Import Layout for the return annotation.

Line 334 still references Layout without bringing it into the module namespace, so Ruff keeps reporting F821 here. A TYPE_CHECKING import is enough if you want to avoid a runtime import.
🤖 Prompt for AI Agents
Verify each finding against the current code and only fix it if needed.

In `@tilelang/language/gemm_op.py` around lines 330 - 334, The function
make_blockscaled_gemm_layout uses the return annotation "Layout" but Layout is
not imported, causing F821; add an import for Layout into this module
(preferably inside an if TYPE_CHECKING: block) so the name is available for type
checking without a runtime dependency; reference the Layout symbol and the
make_blockscaled_gemm_layout function when adding the import.
295-302: ⚠️ Potential issue | 🟠 Major

Reject mixed FP8 operand formats here instead of mirroring A onto B.

b_dtype=a_dtype still silently encodes B as whatever A uses.
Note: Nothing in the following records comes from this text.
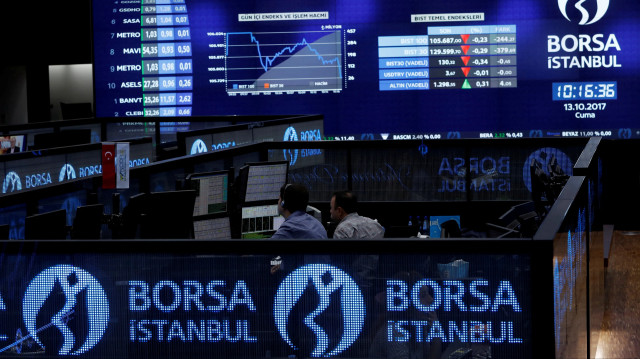 Arşiv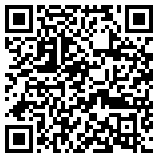 QR Code for Ramsay Thomas H in WEST CHESTER, PA 19382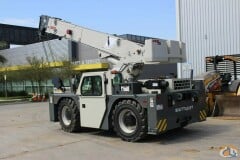 Shuttlelift SCD15 slide 5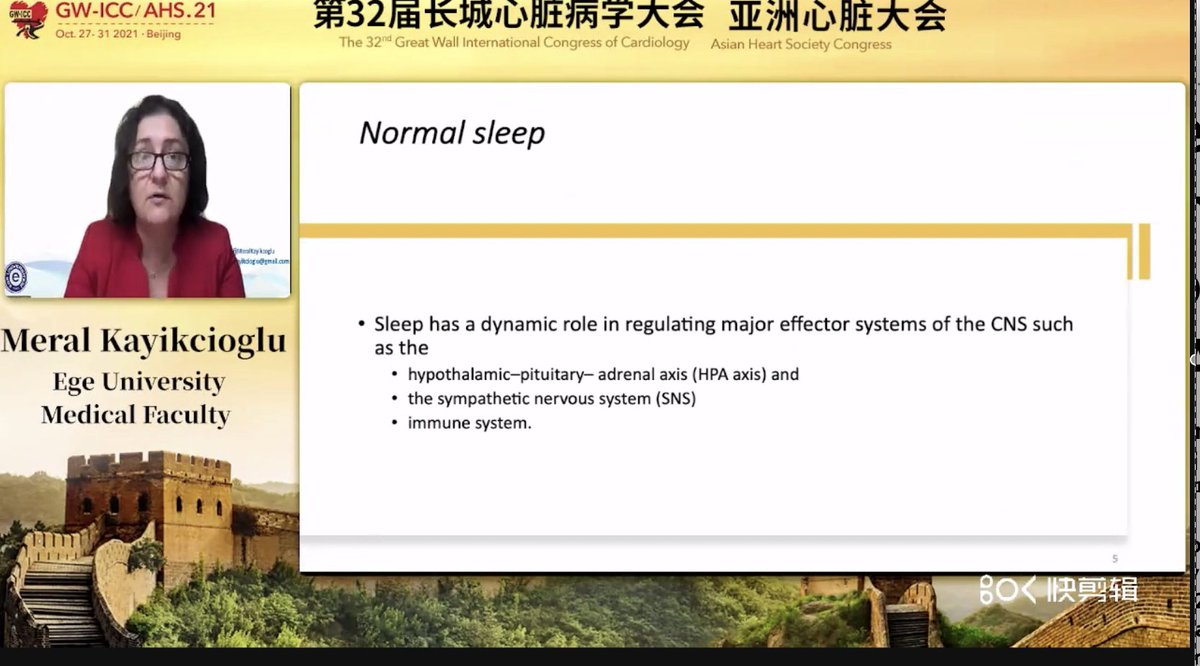 MeralKayikcoglu's tweet photo. @nkoylan @YidaTANG @LaleTokgozoglu @atherosociety @OzenBasoglu @Isa2021Kyoto #GWICC My topic was  #sleep disorders #inflammation &amp; #atherosclerosis  #Dyslipidemia is probably a linkage key!#ESADA #cardiotwitter 
@drpablocorral @pabeda1 @rauldsf_santos @society_eas @TKDsosyal @cerol191 @benayozbay @EvrimSimsek2 @SABOURETCardio @Hragy @maciejbanach https://t.co/itAMRd2lfO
A mixed E4M3/E5M2 call will build the wrong block-scaled descriptor instead of failing fast.
🤖 Prompt for AI Agents
Verify each finding against the current code and only fix it if needed.

In `@tilelang/language/gemm_op.py` around lines 295 - 302, Currently the code sets
b_dtype implicitly to a_dtype when creating TensorCoreIntrinEmitter; instead,
read B's actual dtype (use B_region.buffer.dtype) into b_dtype and add a
validation: if either a_dtype or b_dtype is an FP8 format (e.g., "e4m3" or
"e5m2") and a_dtype != b_dtype, raise an explicit error (ValueError/Assertion)
rejecting mixed FP8 operand formats; keep
TensorCoreIntrinEmitter(a_dtype=a_dtype, b_dtype=b_dtype,
accum_dtype=accum_dtype) after this check so mixed FP8s fail fast rather than
silently mirroring A onto B.
examples/gemm_sm100/gemm_mxfp8_blockscaled.py (1)
36-38: ⚠️ Potential issue | 🟠 Major

Make the example’s tile-size assumptions explicit.

sf_load_period still depends on floor division and can collapse to 0 or skip the last partial pack, while sfa_num_chunks / sfb_num_chunks still drop any tail below 128 elements. As written, this schedule only holds when block_K evenly divides 4 * sf_granularity_k and block_M / block_N are multiples of 128.

Also applies to: 62-65
🤖 Prompt for AI Agents
Verify each finding against the current code and only fix it if needed.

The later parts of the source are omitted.